Dataset Preparation#

The data preprocessing pipeline and multi-host iterator is based on Google Grain, using the arrayrecord dataset format. Here we explain how to convert huggingface datasets to arrayrecord for our data preprocessing pipeline.

Convert Huggingface Datasets to ArrayRecord#

Downloading and converting to arrayrecords is done by way of the script hf_to_arrayrecord.py. Example: PYTHONPATH=. python scripts/data_processing/hf_to_arrayrecord.py --hf_path=DKYoon/SlimPajama-6B. For standard pre-training datasets (for example DCLM, Slimpajama, Zyda-v2), only the text column is read and converted. For Question/Answer style instruction datasets, used for the cooldown phase in pretraining, the different messages (with roles ‘system’, ‘user’ and ‘assistant’) will simply be concatenated. These instruction datasets all have different column namings, new datasets must be added manually to the script.

Splitting DCLM dataset#

The DCLM dataset was released with a single (train) split. We created our own validation split with 500k sequences using the script scripts/split_array_records_dataset.py. The script reads the DCLM arrayrecords dataset and produces a training and validation split in arrayrecords. PYTHONPATH=. python scripts/data_processing/split_array_records_dataset.py --dataset_name=DCLM

Preprocess Validation Datasets#

We preprocessed the validation dataset of DCLM and SlimPajama627B using the script scripts/preprocess_ar_dataset.py. This script uses our data preprocessing pipeline to preprocess the text data into tokenized and packed sequences.

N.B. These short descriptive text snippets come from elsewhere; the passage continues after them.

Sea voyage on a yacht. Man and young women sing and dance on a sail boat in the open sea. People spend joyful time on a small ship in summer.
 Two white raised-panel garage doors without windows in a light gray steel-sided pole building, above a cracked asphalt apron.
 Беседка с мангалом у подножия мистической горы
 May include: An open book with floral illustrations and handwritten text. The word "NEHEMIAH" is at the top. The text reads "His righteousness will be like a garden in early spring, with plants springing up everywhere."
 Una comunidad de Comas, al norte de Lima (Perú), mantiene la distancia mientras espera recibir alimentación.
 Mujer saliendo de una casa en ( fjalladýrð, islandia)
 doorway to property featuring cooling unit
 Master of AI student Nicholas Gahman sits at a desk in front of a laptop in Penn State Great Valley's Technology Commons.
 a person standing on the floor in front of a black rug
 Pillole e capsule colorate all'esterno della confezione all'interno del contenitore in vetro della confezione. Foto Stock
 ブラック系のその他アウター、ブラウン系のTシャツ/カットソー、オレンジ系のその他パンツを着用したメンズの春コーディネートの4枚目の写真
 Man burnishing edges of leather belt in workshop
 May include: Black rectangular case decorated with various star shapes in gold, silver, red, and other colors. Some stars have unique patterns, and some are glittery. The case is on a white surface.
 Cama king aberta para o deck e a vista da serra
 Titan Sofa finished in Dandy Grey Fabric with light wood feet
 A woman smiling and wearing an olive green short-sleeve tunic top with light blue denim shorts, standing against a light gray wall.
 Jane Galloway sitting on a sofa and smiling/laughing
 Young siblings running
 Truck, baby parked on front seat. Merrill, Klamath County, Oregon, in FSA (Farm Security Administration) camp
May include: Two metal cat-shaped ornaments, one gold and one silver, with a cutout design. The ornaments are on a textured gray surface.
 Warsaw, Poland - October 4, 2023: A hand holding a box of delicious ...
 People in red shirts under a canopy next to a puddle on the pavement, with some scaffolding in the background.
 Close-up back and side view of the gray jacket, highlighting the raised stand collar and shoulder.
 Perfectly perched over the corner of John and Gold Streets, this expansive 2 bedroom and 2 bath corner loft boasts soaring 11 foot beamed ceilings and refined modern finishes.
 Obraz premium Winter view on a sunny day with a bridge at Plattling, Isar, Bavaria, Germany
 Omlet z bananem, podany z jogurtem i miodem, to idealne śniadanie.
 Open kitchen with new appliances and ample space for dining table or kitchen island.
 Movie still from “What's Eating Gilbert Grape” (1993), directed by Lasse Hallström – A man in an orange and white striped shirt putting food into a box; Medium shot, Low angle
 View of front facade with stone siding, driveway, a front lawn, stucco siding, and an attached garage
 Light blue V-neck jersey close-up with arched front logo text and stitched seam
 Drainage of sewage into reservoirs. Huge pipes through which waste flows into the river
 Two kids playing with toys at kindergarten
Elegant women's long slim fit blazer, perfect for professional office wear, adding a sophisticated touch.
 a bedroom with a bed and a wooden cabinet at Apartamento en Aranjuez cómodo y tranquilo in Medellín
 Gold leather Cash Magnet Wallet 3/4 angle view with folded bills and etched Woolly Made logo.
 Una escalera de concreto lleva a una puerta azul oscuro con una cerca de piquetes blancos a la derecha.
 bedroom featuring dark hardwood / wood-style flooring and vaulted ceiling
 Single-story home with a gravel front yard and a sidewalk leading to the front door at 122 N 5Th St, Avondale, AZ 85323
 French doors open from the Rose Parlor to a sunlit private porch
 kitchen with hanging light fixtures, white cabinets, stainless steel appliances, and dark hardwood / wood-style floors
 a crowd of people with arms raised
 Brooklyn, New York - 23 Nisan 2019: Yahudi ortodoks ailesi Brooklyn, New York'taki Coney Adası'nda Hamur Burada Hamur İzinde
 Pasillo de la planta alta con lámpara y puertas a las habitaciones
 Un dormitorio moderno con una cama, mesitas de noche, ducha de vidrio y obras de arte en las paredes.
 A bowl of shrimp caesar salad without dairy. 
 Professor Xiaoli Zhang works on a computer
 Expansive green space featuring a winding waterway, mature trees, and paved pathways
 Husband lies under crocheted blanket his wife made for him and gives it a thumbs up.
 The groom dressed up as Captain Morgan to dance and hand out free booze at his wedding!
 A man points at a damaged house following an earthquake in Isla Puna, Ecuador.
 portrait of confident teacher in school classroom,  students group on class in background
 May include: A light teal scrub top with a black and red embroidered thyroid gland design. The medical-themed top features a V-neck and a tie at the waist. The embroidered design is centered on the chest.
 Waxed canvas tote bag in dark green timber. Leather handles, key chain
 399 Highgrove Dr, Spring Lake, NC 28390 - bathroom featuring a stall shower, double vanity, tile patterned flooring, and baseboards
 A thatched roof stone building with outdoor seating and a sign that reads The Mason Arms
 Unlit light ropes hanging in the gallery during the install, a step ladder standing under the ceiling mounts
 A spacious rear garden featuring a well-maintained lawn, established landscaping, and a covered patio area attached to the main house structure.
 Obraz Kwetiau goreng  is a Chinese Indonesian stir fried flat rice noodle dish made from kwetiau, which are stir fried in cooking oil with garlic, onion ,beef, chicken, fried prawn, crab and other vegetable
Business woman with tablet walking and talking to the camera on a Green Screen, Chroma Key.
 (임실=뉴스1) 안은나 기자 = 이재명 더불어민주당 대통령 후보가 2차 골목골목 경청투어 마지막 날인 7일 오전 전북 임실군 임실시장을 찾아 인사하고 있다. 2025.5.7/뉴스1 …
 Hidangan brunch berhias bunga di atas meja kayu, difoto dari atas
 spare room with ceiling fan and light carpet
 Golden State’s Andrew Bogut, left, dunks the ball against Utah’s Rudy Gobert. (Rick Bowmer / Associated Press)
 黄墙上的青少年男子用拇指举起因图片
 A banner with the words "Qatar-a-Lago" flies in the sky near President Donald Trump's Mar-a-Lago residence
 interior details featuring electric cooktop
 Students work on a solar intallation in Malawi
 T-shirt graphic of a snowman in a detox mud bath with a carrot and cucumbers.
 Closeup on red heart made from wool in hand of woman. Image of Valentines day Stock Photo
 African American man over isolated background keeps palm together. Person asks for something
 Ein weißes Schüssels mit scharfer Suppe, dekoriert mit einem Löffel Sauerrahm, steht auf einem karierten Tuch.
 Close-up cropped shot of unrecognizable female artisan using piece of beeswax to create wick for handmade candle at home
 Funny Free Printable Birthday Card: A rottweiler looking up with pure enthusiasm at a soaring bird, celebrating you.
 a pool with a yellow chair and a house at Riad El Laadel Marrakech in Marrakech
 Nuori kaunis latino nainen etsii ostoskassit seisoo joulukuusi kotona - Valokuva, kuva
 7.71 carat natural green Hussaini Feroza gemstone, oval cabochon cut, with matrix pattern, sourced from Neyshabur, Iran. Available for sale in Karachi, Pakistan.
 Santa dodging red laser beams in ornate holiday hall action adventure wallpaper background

The script currently supports only DCLM, SlimPajama627B and SlimPajama6B, but can be extended.

DCLM dataset#

The steps to create the DCLM dataset are as follows:

  • download the DCLM-parquet version from huggingface, since the standard version has bugs and cannot be loaded.

  • convert to ArrayRecord.

  • split dataset into train and validation.

  • preprocess the validation set.